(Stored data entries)
══════════
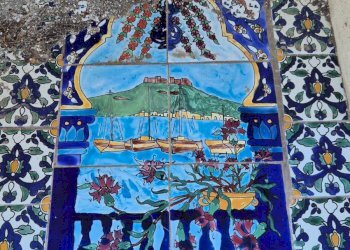 Foto 38 - Villa Via Lago
 
snc, Pantelleria - foto 38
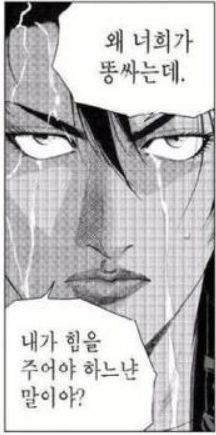 지금 생각나는 짤

https://t.co/1szYx8l5Hz 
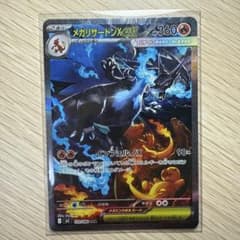 メガリザードンX EX 360 HP SAR - メルカリ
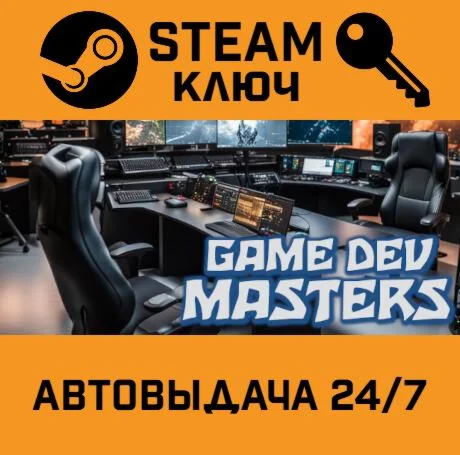 Game Dev Masters STEAM-ключ Global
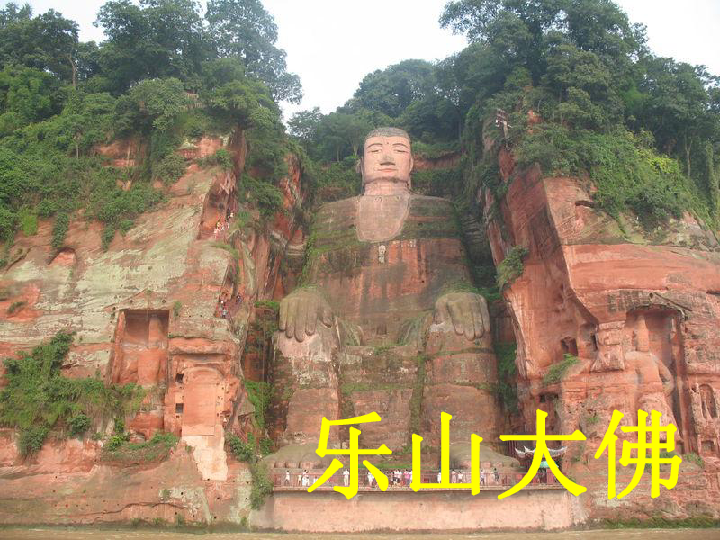 语文三年级上西师版7乐山大佛课件3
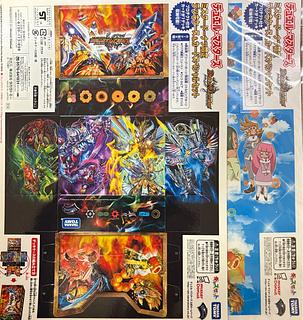 デュエルマスターズ まとめ売り プレイ用 バラ売り不可 値下げ可能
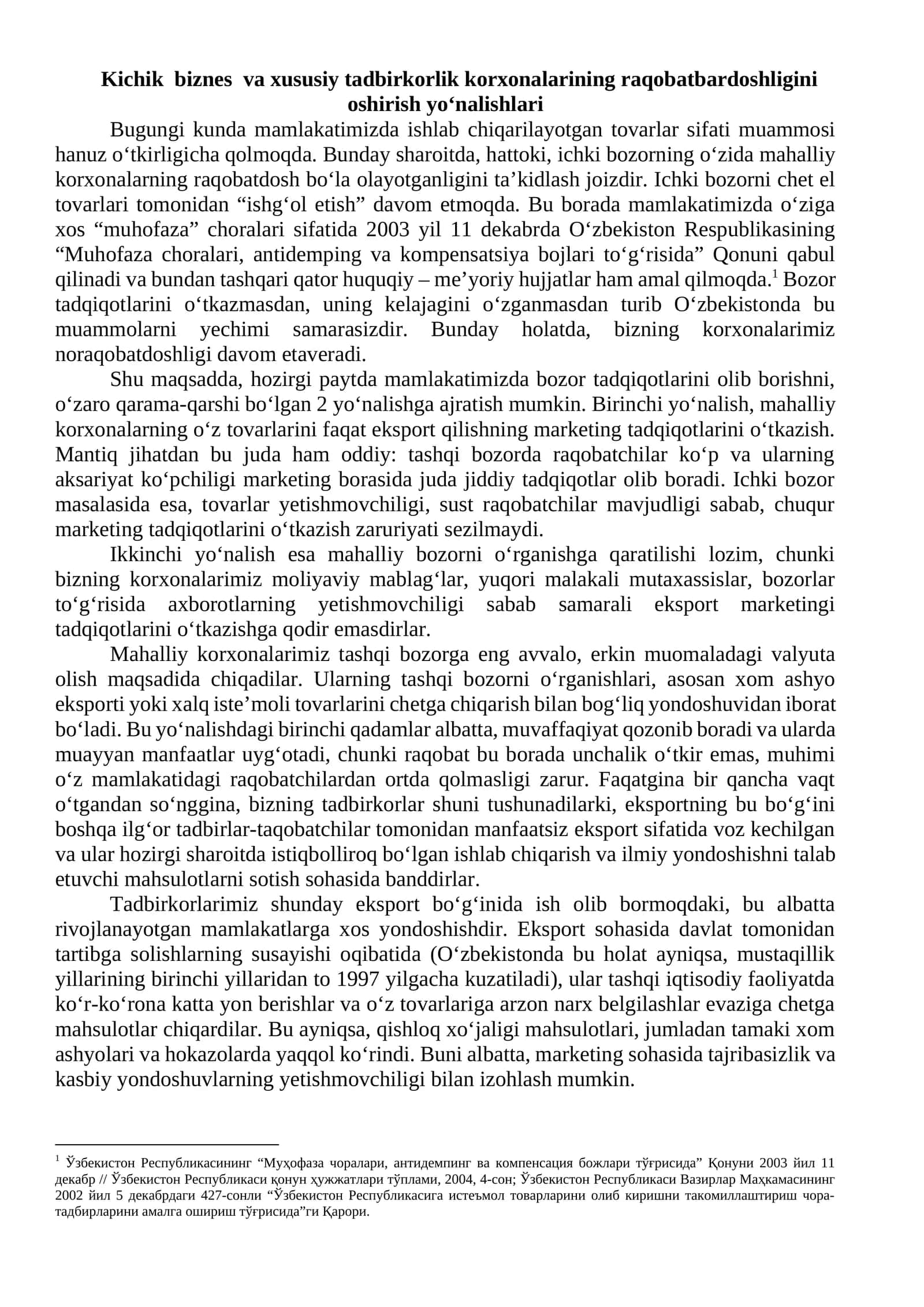 Kichik biznes va xususiy tadbirkorlik korxonalarining raqobatbardoshligini oshirish yo‘nalishlari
══════════
(What you should do):
Write out exactly the lines from the one containing "https://t.co/1szYx8l5Hz" through the last line of the records above, both ends included, and leave out any pictures.

(Solution for this exercise):
https://t.co/1szYx8l5Hz 
 メガリザードンX EX 360 HP SAR - メルカリ
 Game Dev Masters STEAM-ключ Global
 语文三年级上西师版7乐山大佛课件3
 デュエルマスターズ まとめ売り プレイ用 バラ売り不可 値下げ可能
 Kichik biznes va xususiy tadbirkorlik korxonalarining raqobatbardoshligini oshirish yo‘nalishlari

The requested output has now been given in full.